In conjunction with the 2016 sale of Class B restricted shares of common stock issued by Visa, the Company entered into a funding swap agreement with the buyer that requires payment to the buyer in the event Visa reduces each member bank’s Class B conversion rate to unrestricted Class A common shares. On June 28, 2018, Visa additionally funded its litigation escrow account, thereby reducing each member bank’s Class B conversion rate to unrestricted Class A common shares. Accordingly, on July 5, 2018, Visa announced a decrease in conversion rate from 1.6483 to 1.6298 effective June 28, 2018. In July 2018, the Company made a payment of approximately $0.7 million to the buyer as a result of the reduction in the Visa Class B conversion rate. On September 27, 2019, Visa additionally funded its litigation escrow account, thereby further reducing each member bank’s Class B conversion rate to unrestricted Class A common shares. Accordingly, on September 30, 2019, Visa announced a decrease in conversion rate from 1.6298 to 1.6228 effective September 27, 2019. In October 2019, the Company made a payment of approximately $0.3 million to the buyer as a result of the reduction in the Visa Class B conversion rate. Under the terms of the funding swap agreement, the Company will make monthly payments to the buyer based on Visa’s Class A stock price and the number of Visa Class B restricted shares that were sold until the date on which the covered litigation is settled. A derivative liability (“Visa derivative”) of $2.1 million and $4.6 million was included in the unaudited interim consolidated balance sheets at June 30, 2021 and December 31, 2020, respectively, to provide for the fair value of this liability. There were no sales of these shares prior to 2016. See “Note 16. Fair Value” for more information.

Counterparty Credit Risk

By using derivatives, the Company is exposed to counterparty credit risk if counterparties to the derivative contracts do not perform as expected. If a counterparty fails to perform, the Company’s counterparty credit risk is equal to the amount reported as a derivative asset, net of cash or other collateral received, and net of derivatives in a loss position with the same counterparty to the extent master netting arrangements exist. The Company minimizes counterparty credit risk through credit approvals, limits, monitoring procedures, executing master netting arrangements and obtaining collateral, where appropriate. Counterparty credit risk related to derivatives is considered in determining fair value.

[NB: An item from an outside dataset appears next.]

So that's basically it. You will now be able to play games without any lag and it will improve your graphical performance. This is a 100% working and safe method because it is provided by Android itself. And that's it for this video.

The Company’s interest rate swap agreements include bilateral collateral agreements with collateral requirements, which begin with exposures in excess of $0.3 million. For each counterparty, the Company reviews the interest rate swap collateral daily. Collateral for customer interest rate swap agreements, calculated as the pledged asset less loan balance, requires valuation of the pledged asset. Counterparty credit risk adjustments of nil and $0.1 million were recognized during the three months ended June 30, 2021 and 2020, respectively, and $0.1 million and $0.3 million were recognized during the six months ended June 30, 2021 and 2020, respectively.

Credit-Risk Related Contingent Features

Some of our derivative contracts contain provisions whereby if the Company’s credit rating were to be downgraded by certain major credit rating agencies as a result of a merger or material adverse change in the Company’s financial condition, the counterparty could require an early termination of derivative instruments in a net liability position. The aggregate fair value of all derivative instruments with such credit-risk related contingent features that are in a net liability position was $23.3 million and $19.8 million at June 30, 2021 and December 31, 2020, respectively, for which we posted $20.7 million and $20.4 million, respectively, in collateral in the normal course of business. If the Company’s credit rating had been downgraded as of June 30, 2021 and December 31, 2020, we may have been required to settle the contracts in an amount equal to their fair value.